Privacy Screens? Newest Attempt to Snare Expo Gains Key Ally

For months, the idea of "privacy screens" has been bandied about at meetings of the Expo Construction Authority Board of Directors but few took the idea that anyone would place large screens on top of the soundwalls adjacent to the line seriously.  However, at last week's meeting of the Expo Board of Directors, Board Member and newly-minted L.A. City Council President Herb Wesson seemed to take the idea very seriously.

Plan B? Photo: Home Depot, Canada

"I want to get it done," Wesson argued.  While staff ultimately agreed to comply, they raised questions about whether they would need to raise the screens for the entire route and where funding would come from.

"These screens can be placed on top of the soundwalls to address concerns about privacy issues for homes immediately adjacent to the ROW," explains Construction Authority spokesperson Gabriela Collins.  "These are not included as part of the baseline project and are not required by the environmental document.  We have done some preliminary design work to ascertain the cost and whether or not the screens could be added to the soundwalls, but have no designs at this time."

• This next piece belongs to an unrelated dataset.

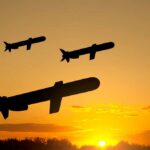 Trump’s Navy Faces DIRE Missile Shortage Silhouettes of missiles flying against a sunset backdrop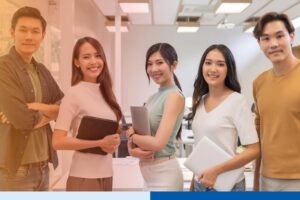 smiling asian people in corporate attire holding tablets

Even with Wesson's backing, there are two reasons that the addition of these soundwalls is a long shot.

The first is politics.  With the handoff of Phase I of the Expo Line from the Construction Authority who built the line to Metro who will run the line, it would take a vote of both the Expo Board and the Metro Board to approve such a project.

Even with enough votes rounded up to pass the proposal, there is still no money to pay for these "privacy screens" and there's no obvious third party that would be interested in providing such funds.

The other reason that the screens are a long shot is that even if the political will and funding were available, adding the screens doesn't make a lot of sense.

A recent video of Phase I that appears on The Source makes it look nigh impossible to see anything that would be considered a violation of privacy over the existing soundwalls.  If the concern is that the "privacy shields" would reduce the train noises for residents, the accompanying bells and whistles that would come with the reduced visibility would most likely cause more noise than the train would ever produce.

But while privacy screens for the rail line are a long shot, a walled-off bike path in Santa Monica for Phase II of the Expo Line is looking like a surer bet.

On Monday the Air Resources Board heard a request from the Lantana Center and Media Campus to build a 1,370 foot wall right alongside the proposed bike path that will parallel the Expo tracks in Santa Monica.  This would mean that for a full quarter mile, bicyclists would be trapped between trains and a 12-foot sound wall.